◆ **What is needed**:
Below this line are records; write out exactly the lines from the one containing "Minimal Vector Globe" through the one containing "Sterling Silver Moissanite", with the pictures left out.

◆ **Dataset**:
————————
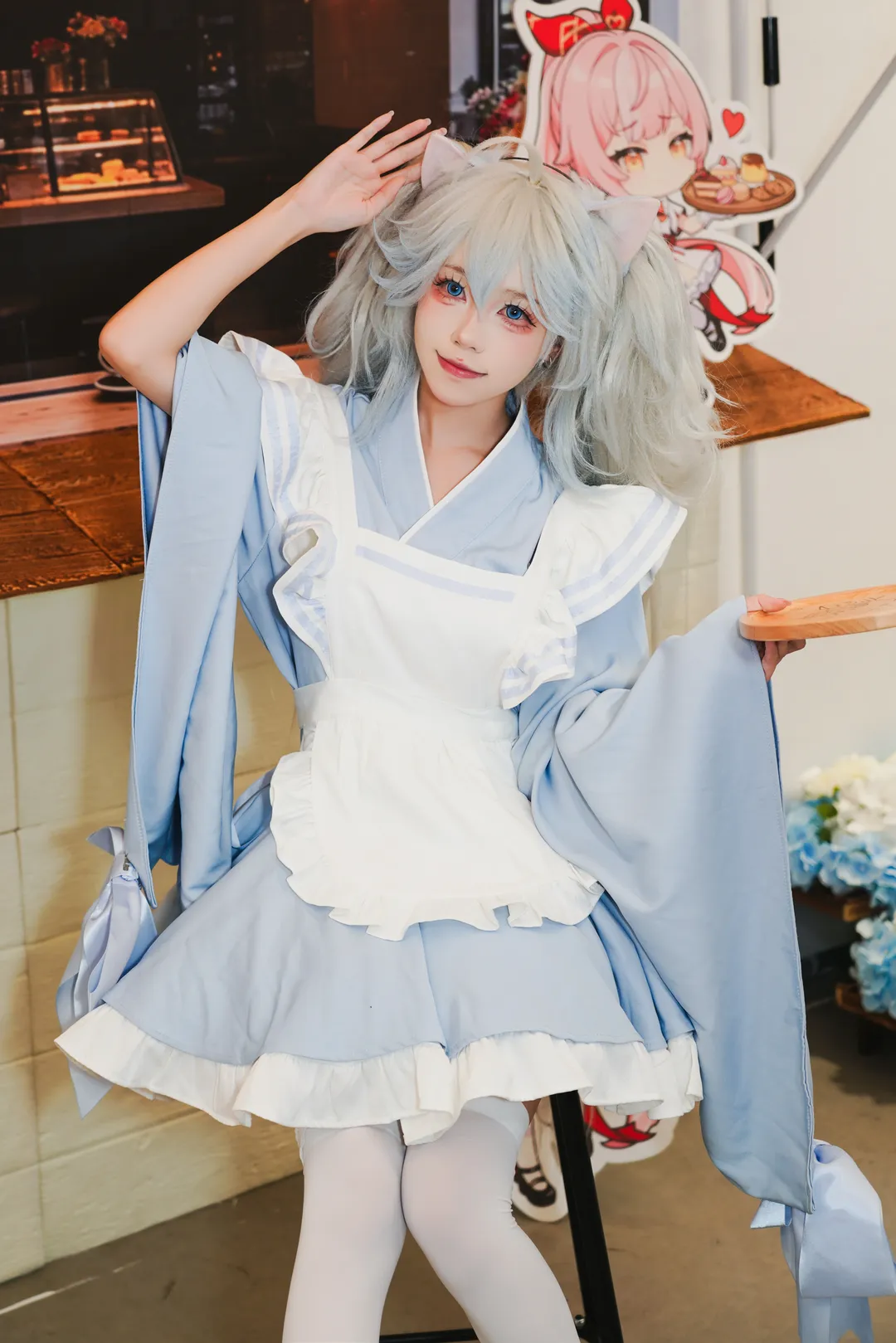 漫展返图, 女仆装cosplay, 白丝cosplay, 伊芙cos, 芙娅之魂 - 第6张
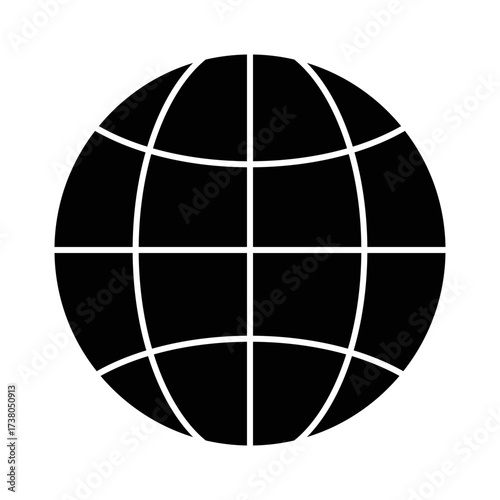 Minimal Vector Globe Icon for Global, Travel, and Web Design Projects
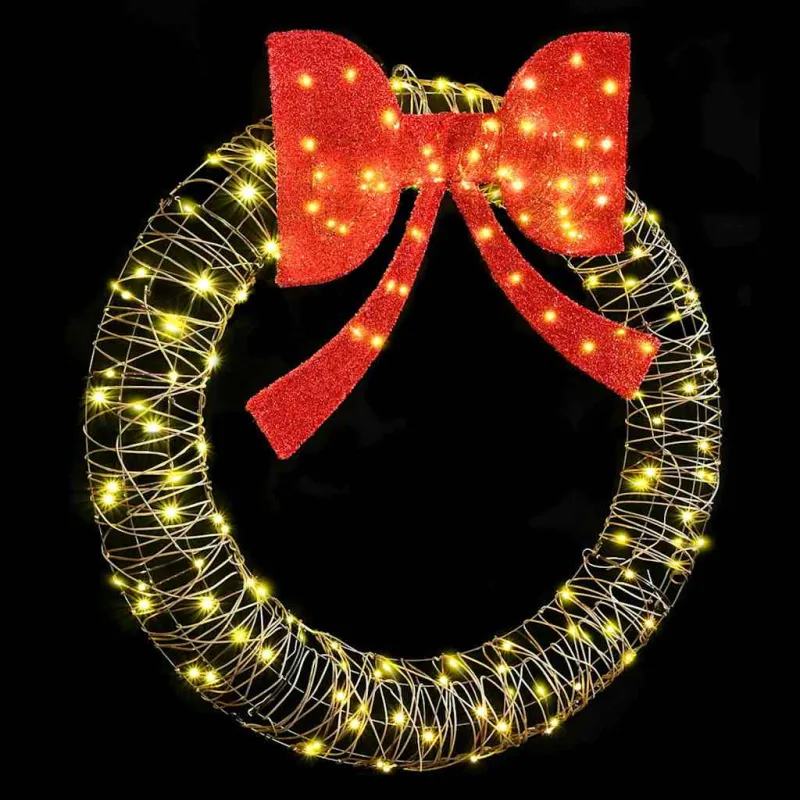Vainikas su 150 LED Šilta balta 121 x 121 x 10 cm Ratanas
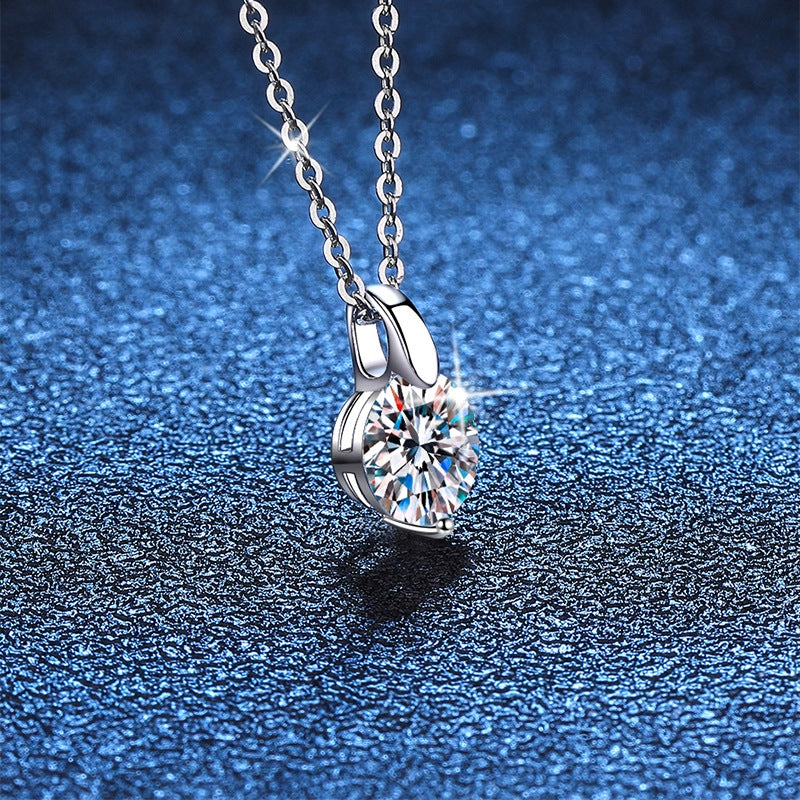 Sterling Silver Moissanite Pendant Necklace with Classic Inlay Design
————————
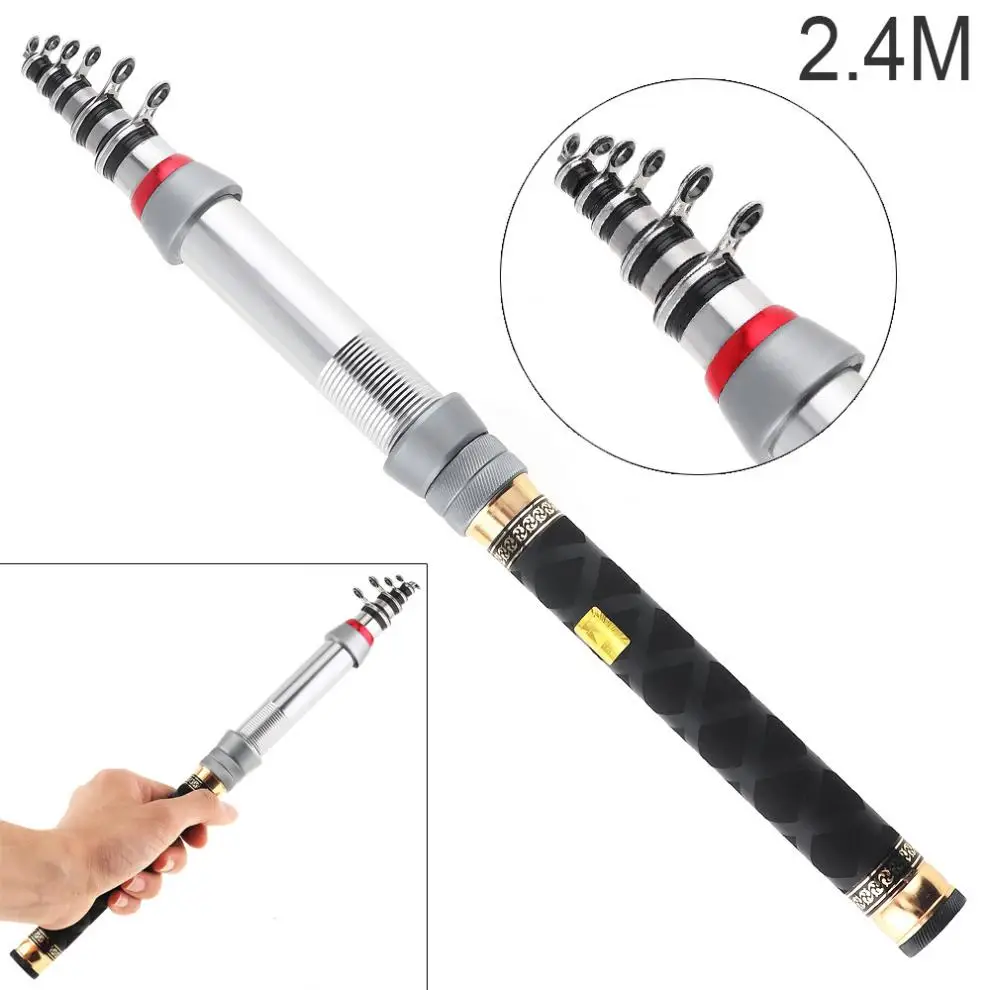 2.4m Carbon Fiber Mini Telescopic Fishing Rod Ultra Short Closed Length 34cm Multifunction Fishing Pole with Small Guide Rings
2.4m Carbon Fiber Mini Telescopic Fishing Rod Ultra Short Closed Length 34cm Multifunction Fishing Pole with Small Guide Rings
————————
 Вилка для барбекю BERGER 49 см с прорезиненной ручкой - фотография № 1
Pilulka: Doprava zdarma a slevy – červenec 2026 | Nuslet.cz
————————
◆ **Answer to the problem**:
 Minimal Vector Globe Icon for Global, Travel, and Web Design Projects
Vainikas su 150 LED Šilta balta 121 x 121 x 10 cm Ratanas
 Sterling Silver Moissanite Pendant Necklace with Classic Inlay Design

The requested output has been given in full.